TERBARU

Mata Israel Memandang Luka Palestina, Apa yang Terjadi?

Mata Israel Memandang Luka Palestina, Apa yang Terjadi?


Gelombang protes besar mengguncang Israel seiring dengan rencana Perdana Menteri Benjamin Netanyahu memperluas operasi militernya di Jalur Gaza. Puluhan ribu warga turun ke jalan di berbagai kota akhir pekan lalu, mencerminkan meningkatnya kekhawatiran publik atas arah kebijakan pemerintah.

Jeritan Keluarga Sandera: "Nyawa Mereka Terancam!"

Inti dari gelombang protes ini adalah kecemasan mendalam terhadap nasib sekitar 50 sandera Israel yang masih ditahan Hamas. Keluarga para sandera khawatir ekspansi militer yang direncanakan justru akan menempatkan orang-orang terkasih mereka dalam bahaya yang lebih besar.

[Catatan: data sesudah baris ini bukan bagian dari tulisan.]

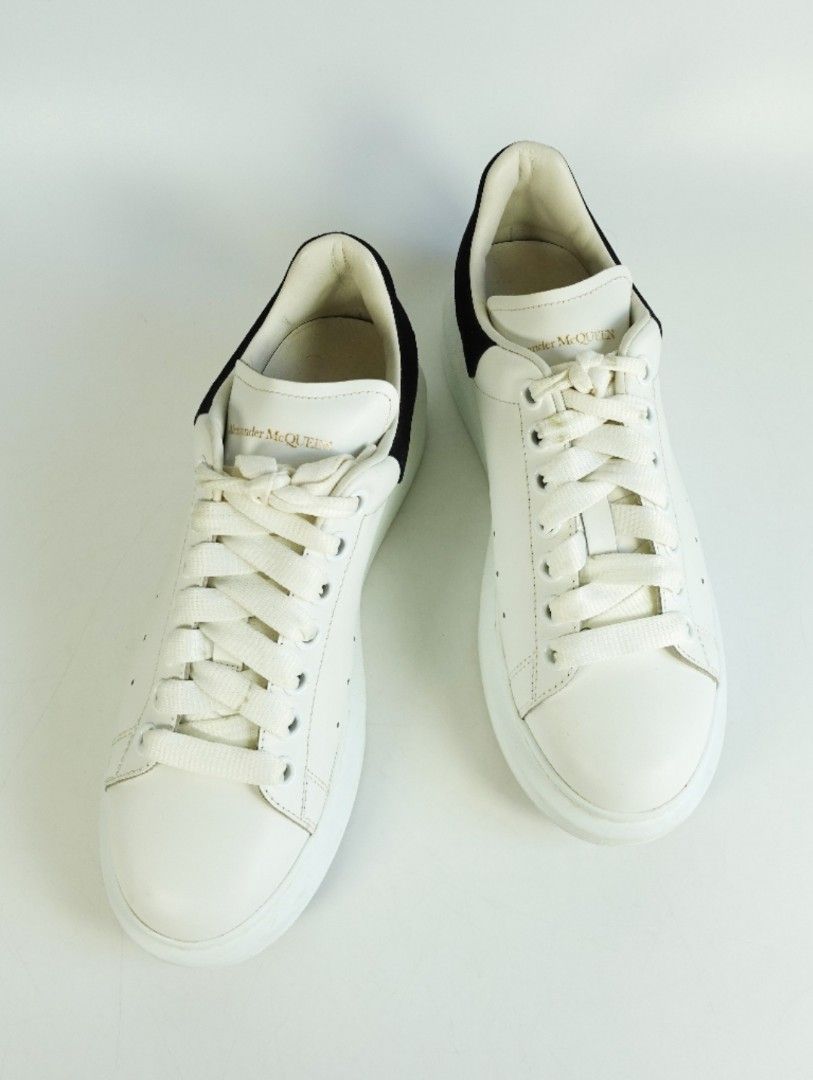 Alexander McQueen Pelle S. Gomma Larry Daim Velour White Black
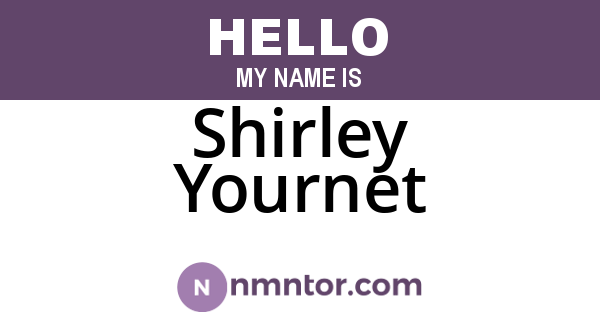 Shirley Yournet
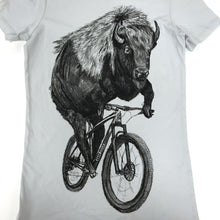 Buffalo on a Bicycle T-Shirt, Women's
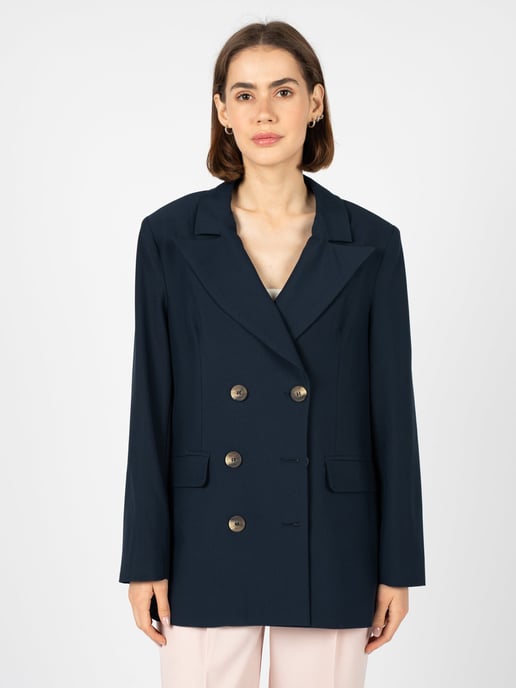 Silvian Heach Chaqueta de mujer azul oscuro - Image 3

"Keputusan untuk menduduki lebih banyak wilayah secara langsung mengancam nyawa para sandera," ungkap Gil Dickmann, sepupu Carmel Gat, sandera yang dieksekusi Hamas setelah pasukan Israel mulai memasuki Rafah. "Itulah yang terjadi pada Carmel. Dia disandera di Rafah. Ketika tentara memutuskan menduduki Rafah, Hamas mengeksekusinya bersama lima sandera lainnya."

Naama Shueka, sepupu Evyatar David yang baru-baru ini muncul dalam video yang dirilis Hamas, senada dengan Dickmann, menyerukan penghentian pertempuran. "Kami berteriak: Tolong hentikan pertempuran. Tolong selamatkan orang-orang yang kami cintai. Tolong jangan biarkan mereka mati kelaparan," serunya.

Opini Publik Bergeser: Mayoritas Dukung Negosiasi

Seiring berjalannya waktu dan konflik yang tak kunjung usai, dukungan publik terhadap tuntutan keluarga sandera tampaknya semakin menguat. Sebuah survei terbaru oleh Israel Democracy Institute (IDI) menunjukkan pergeseran sikap yang signifikan di kalangan masyarakat Israel.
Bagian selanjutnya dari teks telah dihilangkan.